Indian energy giant Adani has announced that it will begin work on a controversial coal mine project in Australia. Earlier this year, BBC Hindi’s Vineet Khare visited the area and details what he witnessed there.
The route to the Carmichael mine is a long lonely ride in the wilderness – a paved road transforms into a wide dirt track before you eventually reach the remote piece of land which has so divided Australia.
The $12.5bn (£9.8bn) Carmichael project coal site in Queensland state is nearly 400km (248 miles) inland from the eastern coast. It’s in the Mackay region, which is home to other mining projects.
The project has been delayed for six years because of a series of legal challenges and reports evaluating its environmental impact.
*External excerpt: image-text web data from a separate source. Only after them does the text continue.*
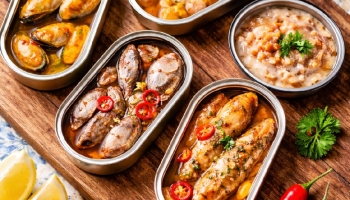 Discover the World of Portuguese Canned Fish Beyond the Traditional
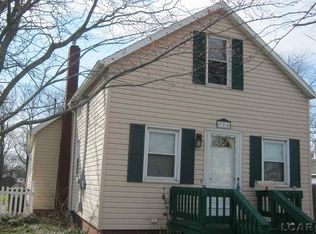 716 Division St, Adrian, MI 49221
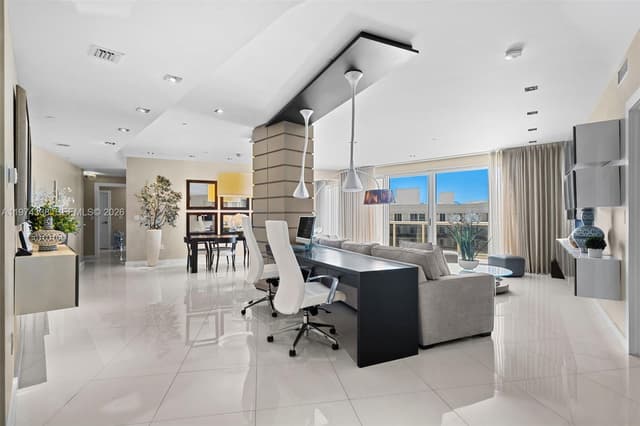 9601 Collins Ave # 1208, Bal Harbour FL 33154 - Bal Harbour, FL - Photo 4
It’s owned by the Adani group, whose chairman, Gautam Adani, is considered to be close to Indian Prime Minister Narendra Modi.
The controversy over the project has seen Australian banks rule out funding and earlier this month, the firm said it had scaled down production, cutting its targets by three quarters. On Thursday, CEO Lucas Dow said that the firm itself would finance the project.
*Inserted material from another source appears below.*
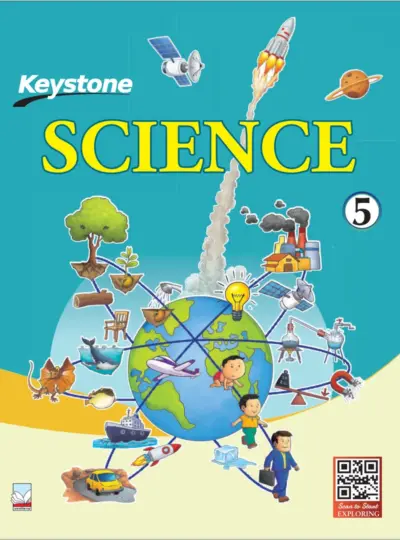 Keystone Science (Class 5)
But, according to media reports, there are regulatory approvals pending, without which construction cannot begin.
As we travel to the mine, everyone along the way – from taxi drivers to restaurant owners and pedestrians – seems to have an opinion about the project.
Those who oppose it, including climate scientists, say that if the mines are opened up, the world “better bid goodbye to the Paris Agreement commitment to hold temperature rise to 2C”.
But supporters say it’s good for the economy and accuse protesters of being “deep-pocketed left-wing activists hell-bent on feeding lies.”
A ‘secret’ camp
We decide to first visit a “secret anti-Adani camp”, located an hour’s drive and a narrow path off the main route.
The wooden gate is electronically locked “to keep away pro-Adani elements”. The two sides have clashed in the past.
We enter a large open space dotted with trees. A couple of large sheds stand in the middle – one of them houses banners and posters that carry anti-Adani messages. Another has food laid out for nearly two dozen “campers”.
Two women sporting black T-shirts emblazoned with the slogan “Adani – No means No” scrawled in red and yellow are hunched over a large white cloth banner on which they are painting the words “Stop Adani!”
A makeshift residential accommodation stands a few metres away. Chargers, plug points and documents are all dumped on a table surrounded by men and women typing away on laptops. A WiFi connection links them to the world.
“This camp is a frontline to stop Adani. It’s a place to organise and plan direct action,” says one of the protesters, Scott Daynes.
“Science tells us that coal needs to stay in the ground, that’s why we are here,” he adds.
There is excitement that a journalist from India has come to cover the story. “How much are these protests against Adani in Australia being covered by Indian media?” one man asks.
“We hear Mr Adani is very influential and close to the Indian Prime Minister Narendra Modi. Is it true?” another asks.
Both Mr Adani and Mr Modi come from the western state of Gujarat and their relationship goes back to when Mr Modi was the state’s chief minister.
The fact that Mr Modi used a plane chartered by the Adani group to fly to Delhi after he was elected prime minister is still cited as an example of their closeness.
As far back as 2003, Mr Adani broke ranks with fellow industrialists to form a separate business lobby group. This was after they had criticised Mr Modi for the poor law and order situation in Gujarat following the 2002 riots that killed more than 1,000 people, mostly Muslims.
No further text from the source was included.